[What you have to do]:
Only the lines in the entries below from the line with "Primula vulgaris" to the line with "jual cepat tanah kebun manggis dan durian", both included, belong in the answer, transcribed exactly and without pictures.

[Records for this task]:
○ ○ ○

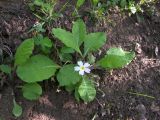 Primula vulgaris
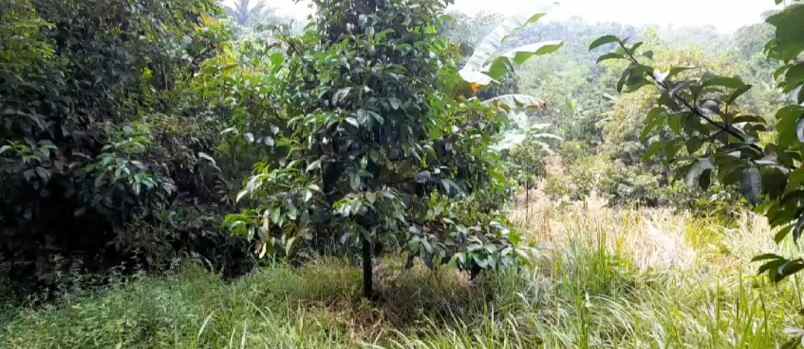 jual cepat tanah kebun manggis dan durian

○ ○ ○

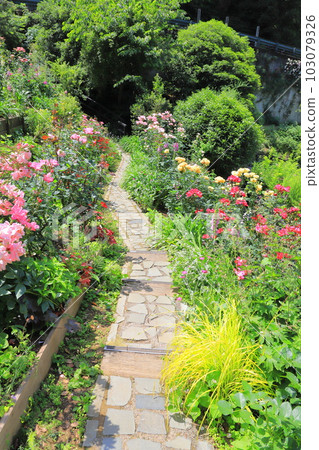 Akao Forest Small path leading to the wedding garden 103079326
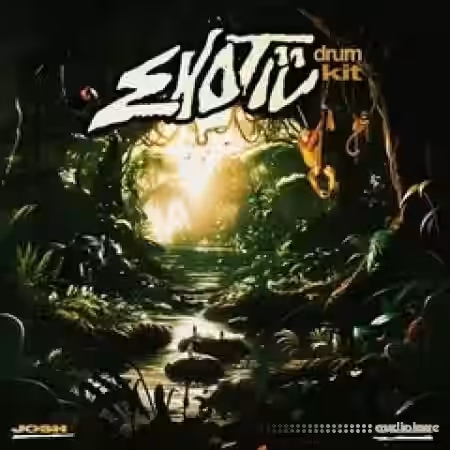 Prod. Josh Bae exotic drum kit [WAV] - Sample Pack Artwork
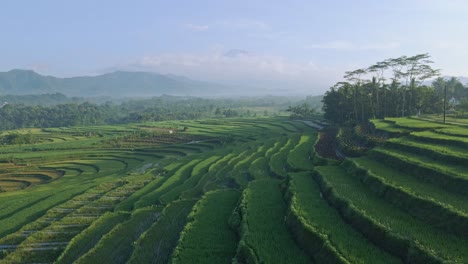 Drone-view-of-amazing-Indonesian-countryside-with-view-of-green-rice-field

○ ○ ○

[The answer]:
 Primula vulgaris
 jual cepat tanah kebun manggis dan durian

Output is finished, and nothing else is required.